Sigh. It's happened again. Another hyped-up novel that failed to entertain. Perhaps I'm just not suited for these modern-day Gothic novels. Or, maybe it's the teenage angst that turns me off. Whatever the reason, I'm sorry to say it was quite a struggle to get into the book and I almost quit on several occasions. However, I stuck with it since I'd heard positive remarks from fellow bloggers. Heather, Jenclair and Kailana all loved the novel and wrote glowing reviews, which I encourage you to read if you're the least bit interested in this book.
It's very difficult to write a review for a book I disliked so much. In a nutshell, I didn't care for Gemma's sardonic wit and thought her voice sounded contrived throughout the entire novel. The overuse of metaphors was also irritating. I didn't care for any of the characters and thought the plot far too predictable. The following passage leapt from the page, jarring me from what little interest I had going and made me think, would someone in 1895 truly say this?

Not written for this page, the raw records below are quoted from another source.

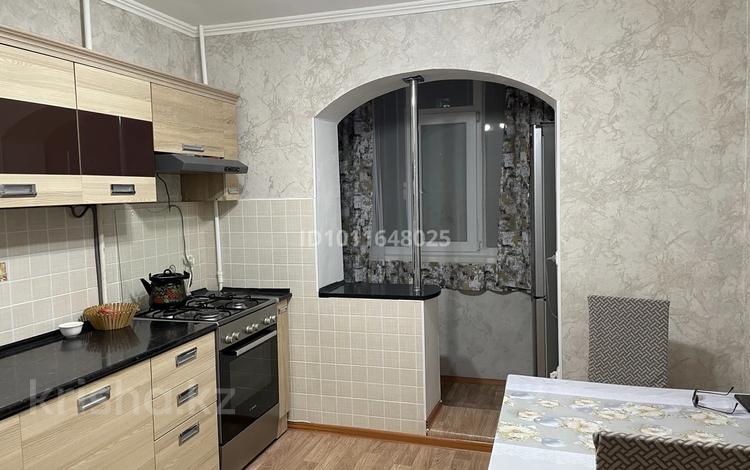 3-комнатная квартира · 69 м² · 3/6 этаж, братьев Жубановых 259/1 за 23.5 млн ₸ в Актобе — фото 2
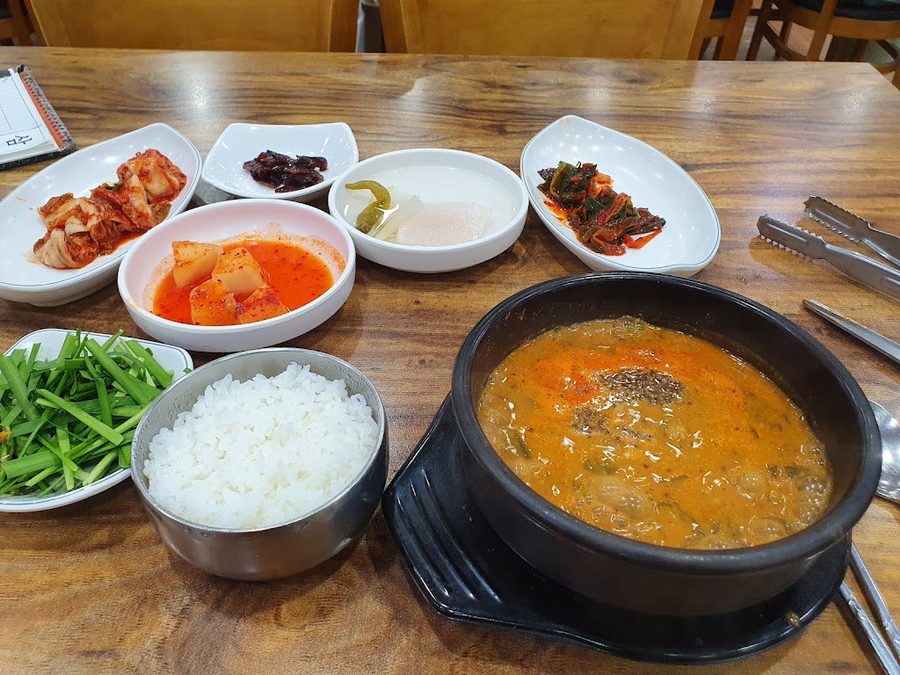 관악산가마솥삼계탕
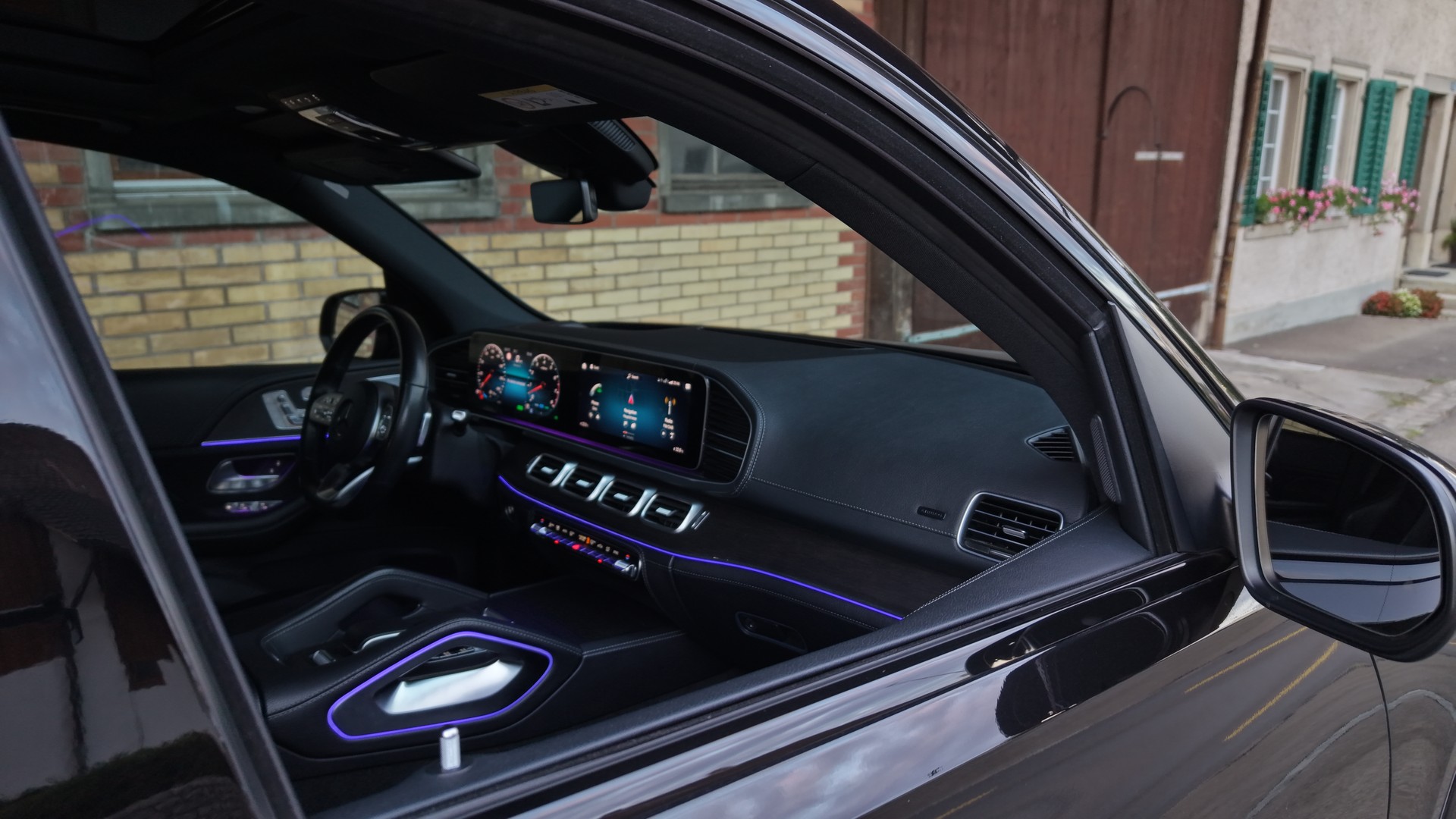 MERCEDES-BENZ GLE 450 4Matic AMG Line 9G-Tronic-image-8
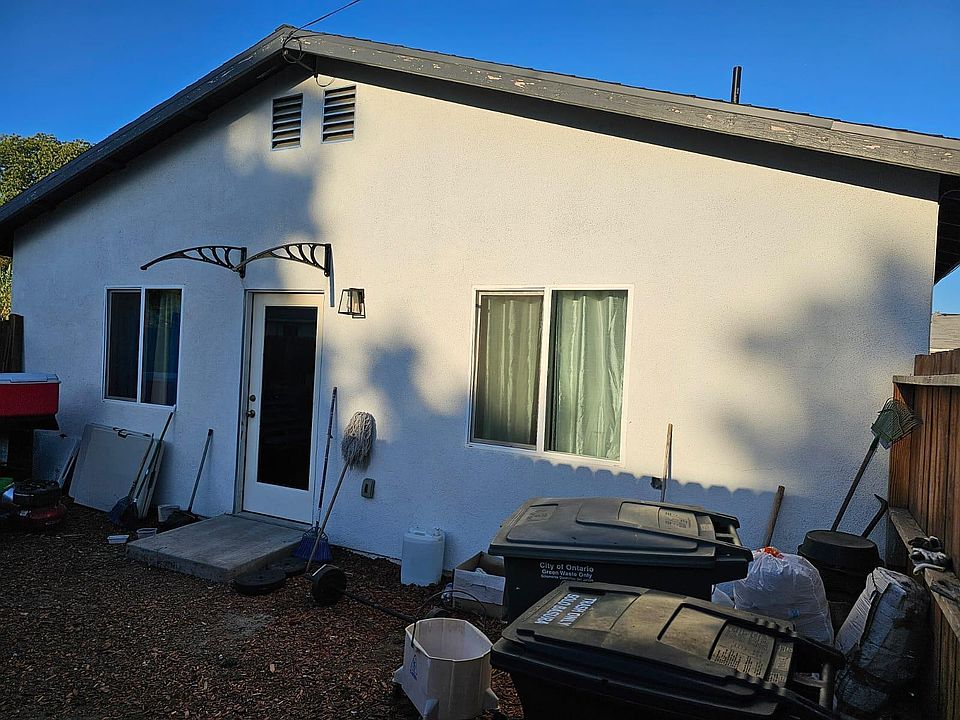 3 bed 1 bath new construction 3 parking washer dryer hook up place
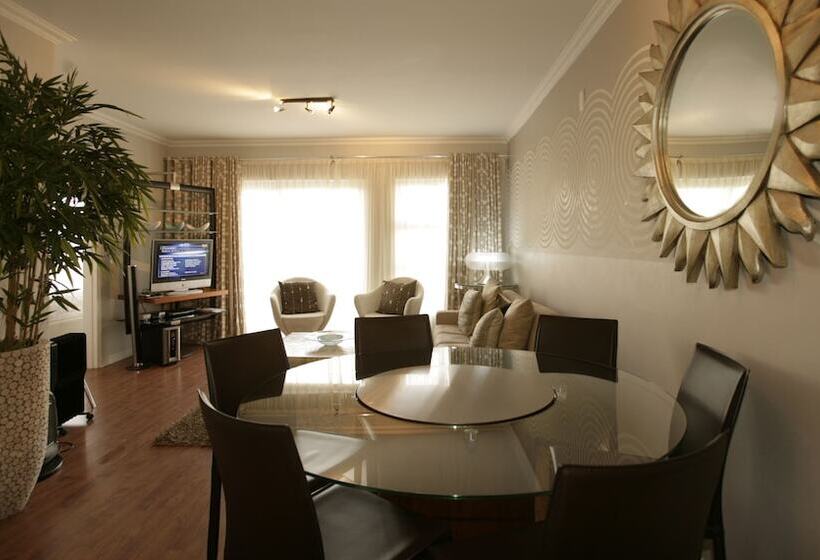 Urban Hip Hotels   Splice Riviera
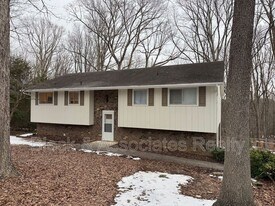 607 Eastwood Dr in Asheboro, NC - Building Photo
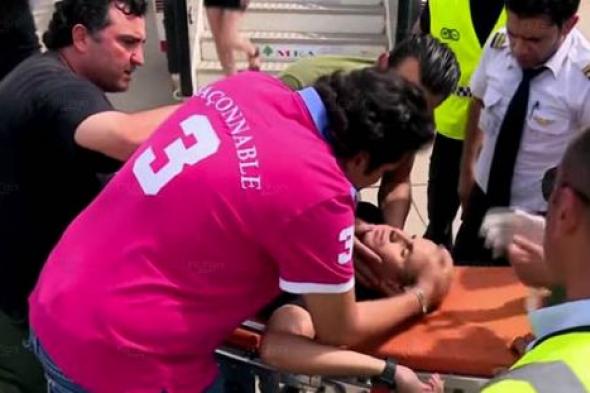بالفيديو- محمد زيدان يتعرض للإغماء وعصام الحضري ينفعل على هاني رمزي في "هبوط اضطراري"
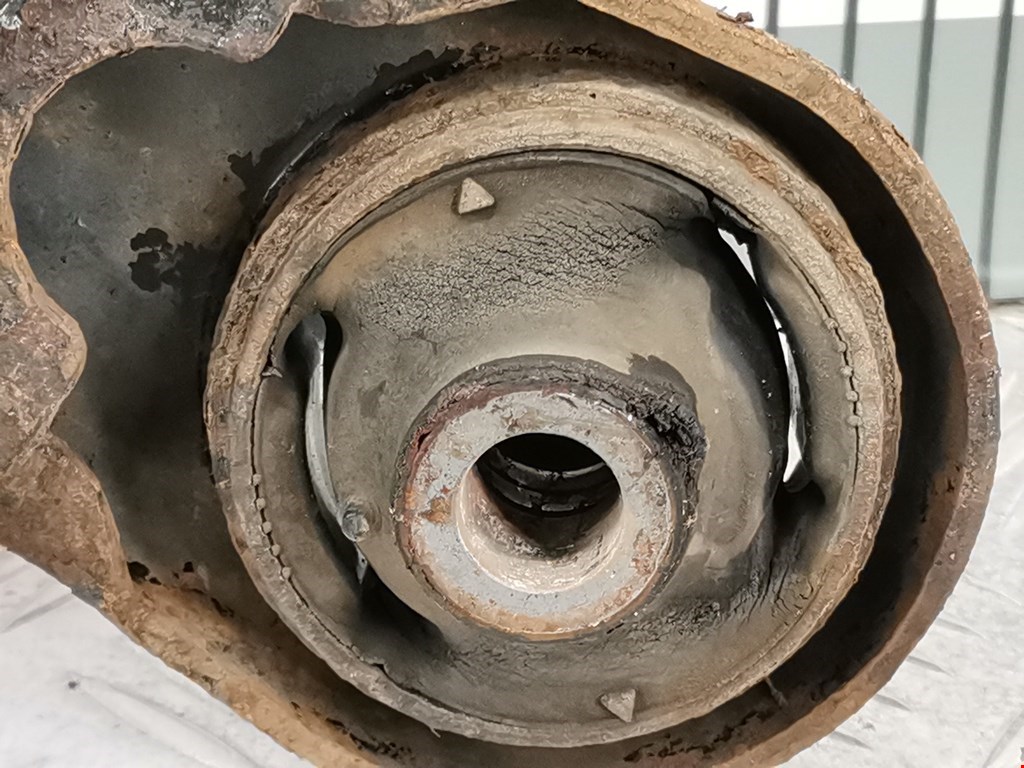 Рычаг передний правый MITSUBISHI Lancer X CX, CY,CZ 2007-2017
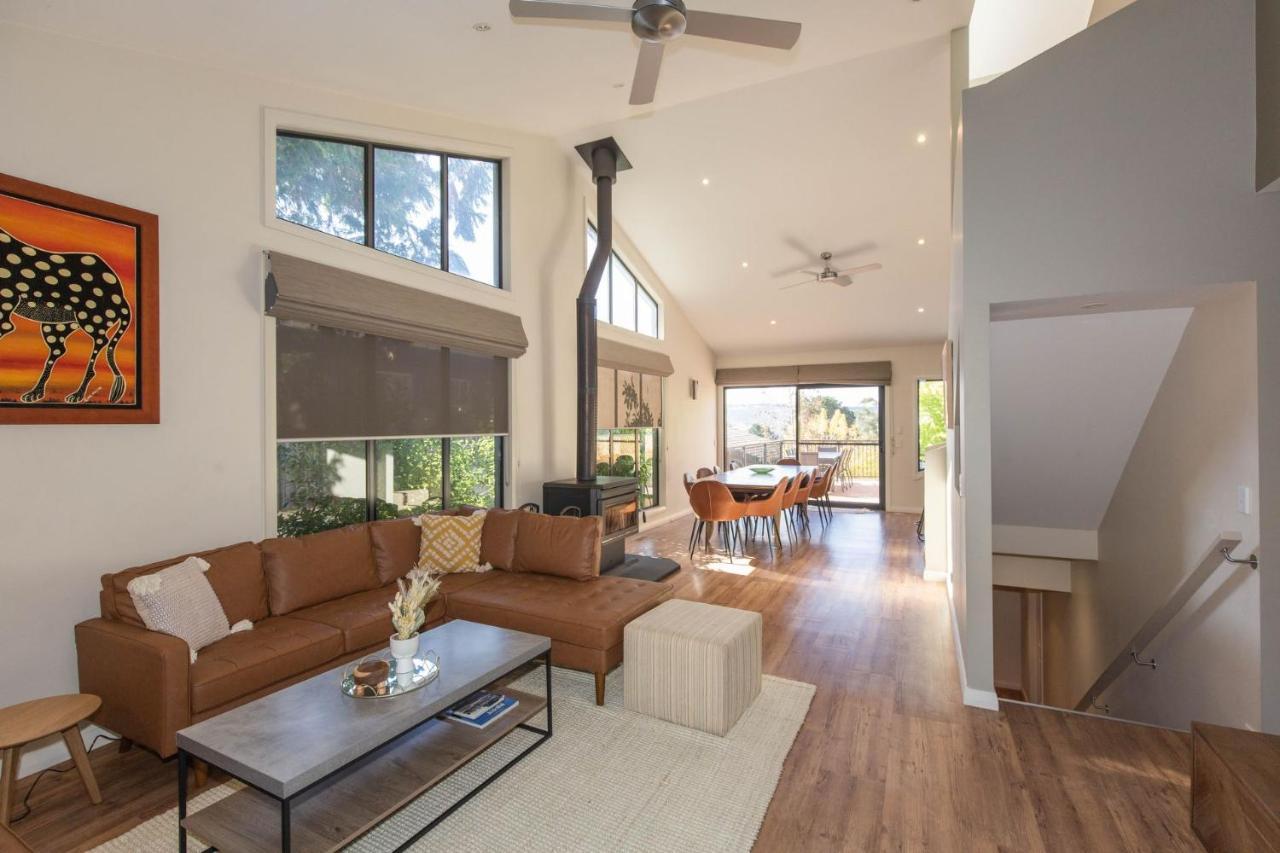 Bogong Lakeview 1 Of 19 Bogong Street Holiday home *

Felicity stops. "Oh, honestly, this is the worst attempt at a gothic novel I've ever read. All we're missing are creaking castle floors and a heroine in danger of losing her virtue."
I do think, however, that this might make for an entertaining movie. I found myself picturing Johnny Depp as Kartika and wouldn't mind seeing that come to be. Looks like the rights have been bought, so we may just see this come to theaters near us (or Netflix, in my case) in a few years.